Ça change beaucoup. Ces images se posent en plans redressés devant nos yeux, avec une force d’exposition qui rappelle celle de la photographie. On a envie de regarder chacune pour elle-même. Et cette écriture cinématographique entre en parfaite cohérence avec la conduite dramaturgique de ce premier long métrage. Au contraire du fluide des images fuyant dans la largeur, au fil de narrations qui nous prennent par la main, comme un peu serviles, de péripéties en rebondissements, au contraire de cela, donc, Les Météorites nous offre le temps de regarder, nous y invite, voire nous apprend à le faire.

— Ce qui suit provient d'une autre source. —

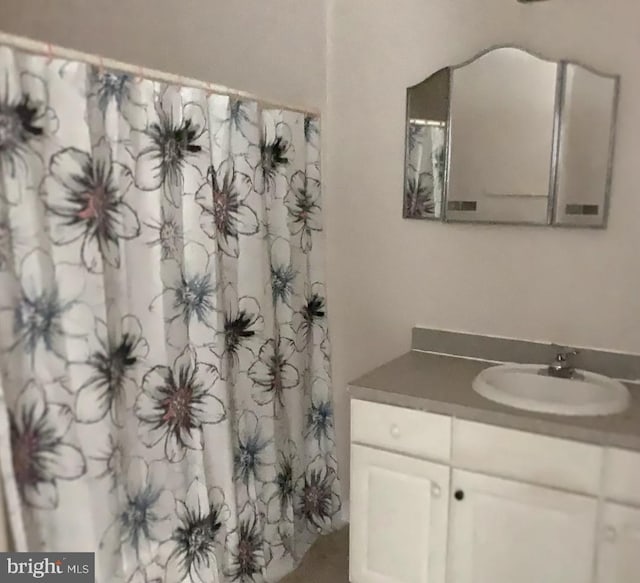 bathroom featuring vanity with extensive cabinet space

Son montage procède par collage, assez heurté, d’une suite de situations, d’états, et d’atmosphères -non un enchaînement d’actions. Il y a de la suspension, de la respiration, un genre de lenteurs, une rareté relative de dialogues. Et c’est ainsi qu’on rentre dans chaque image comme dans une alchimie de lumières, une vibration de réverbération, une orchestration des sons du monde (le vent, les insectes, le crissement des matières du sol). On y trouve une exaltation nietzchéenne dans l’embrassement du monde.
L’héroïne, Nina, puisqu’il en est une, se construit dans cette imprégnation, cette orchestration généralisée des sensualités. Elles sont méridionales, intégralement inscrites dans l’écorchure méditerranéenne de l’arrière-pays biterrois. Spendide. Philosophiquement, cela peut rappeler par instant Mektoub by love, d‘Abdellatif Kechiche ; mais qui aurait fait vœu de silence, et de contemplation.
Pas moins contemporain pour autant, la naturalisme de Les météorites n’a rien des langueurs d’un Giono, préférant se cogner à l’actualité de ses personnages. Lesquels respirent tout entier dans ce monde. Le scénario est finalement presque mince, qui s’attache à l’éveil amoureux et sensuel de Nina, 16 ans à peine, auprès de Morad, 19 ans pas plus. Ici bas, Nina opère le grand écart entre la trivialité du parc d’attraction consacré aux dinosaures, où elle gratte quelques sous (chimère de l’industrie des représentations), et la révélation cosmique d’une météorite dont elle perçoit, un soir, la trajectoire étincelante (rappel des fondations de l’universel).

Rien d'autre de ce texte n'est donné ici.